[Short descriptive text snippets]

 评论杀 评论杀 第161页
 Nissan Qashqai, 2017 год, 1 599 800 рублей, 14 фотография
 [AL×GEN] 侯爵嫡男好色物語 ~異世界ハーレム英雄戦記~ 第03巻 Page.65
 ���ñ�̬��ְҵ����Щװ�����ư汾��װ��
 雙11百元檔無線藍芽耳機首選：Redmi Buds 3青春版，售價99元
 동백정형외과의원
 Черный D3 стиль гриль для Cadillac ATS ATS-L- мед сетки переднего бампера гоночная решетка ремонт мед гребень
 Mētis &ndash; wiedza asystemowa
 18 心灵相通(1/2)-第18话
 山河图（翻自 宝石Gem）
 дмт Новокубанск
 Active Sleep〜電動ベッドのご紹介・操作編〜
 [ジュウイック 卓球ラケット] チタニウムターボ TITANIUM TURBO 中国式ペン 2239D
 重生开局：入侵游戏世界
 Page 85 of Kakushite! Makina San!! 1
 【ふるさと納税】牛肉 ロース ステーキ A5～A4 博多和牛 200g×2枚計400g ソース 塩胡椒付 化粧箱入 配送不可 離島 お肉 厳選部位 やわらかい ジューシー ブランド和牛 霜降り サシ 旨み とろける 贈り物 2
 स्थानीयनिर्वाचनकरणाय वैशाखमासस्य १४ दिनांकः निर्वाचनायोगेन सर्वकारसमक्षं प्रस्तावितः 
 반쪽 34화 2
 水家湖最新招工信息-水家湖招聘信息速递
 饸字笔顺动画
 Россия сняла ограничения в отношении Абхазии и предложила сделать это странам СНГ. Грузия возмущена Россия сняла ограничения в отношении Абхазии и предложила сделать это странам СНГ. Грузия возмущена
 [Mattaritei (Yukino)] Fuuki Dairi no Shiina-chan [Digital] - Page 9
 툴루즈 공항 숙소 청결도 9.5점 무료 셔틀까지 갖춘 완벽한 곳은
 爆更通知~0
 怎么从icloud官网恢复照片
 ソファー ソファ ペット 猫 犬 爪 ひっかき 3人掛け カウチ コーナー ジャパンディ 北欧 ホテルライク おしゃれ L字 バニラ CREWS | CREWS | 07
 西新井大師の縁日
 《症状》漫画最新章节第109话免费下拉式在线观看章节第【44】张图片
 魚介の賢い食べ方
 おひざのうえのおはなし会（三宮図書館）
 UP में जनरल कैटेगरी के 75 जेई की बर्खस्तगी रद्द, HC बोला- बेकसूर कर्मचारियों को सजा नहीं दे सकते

What needs to be done: Search the data above for the string "Page" and report each line that holds it.

Reply to the exercise:
 [AL×GEN] 侯爵嫡男好色物語 ~異世界ハーレム英雄戦記~ 第03巻 Page.65
 Page 85 of Kakushite! Makina San!! 1
 [Mattaritei (Yukino)] Fuuki Dairi no Shiina-chan [Digital] - Page 9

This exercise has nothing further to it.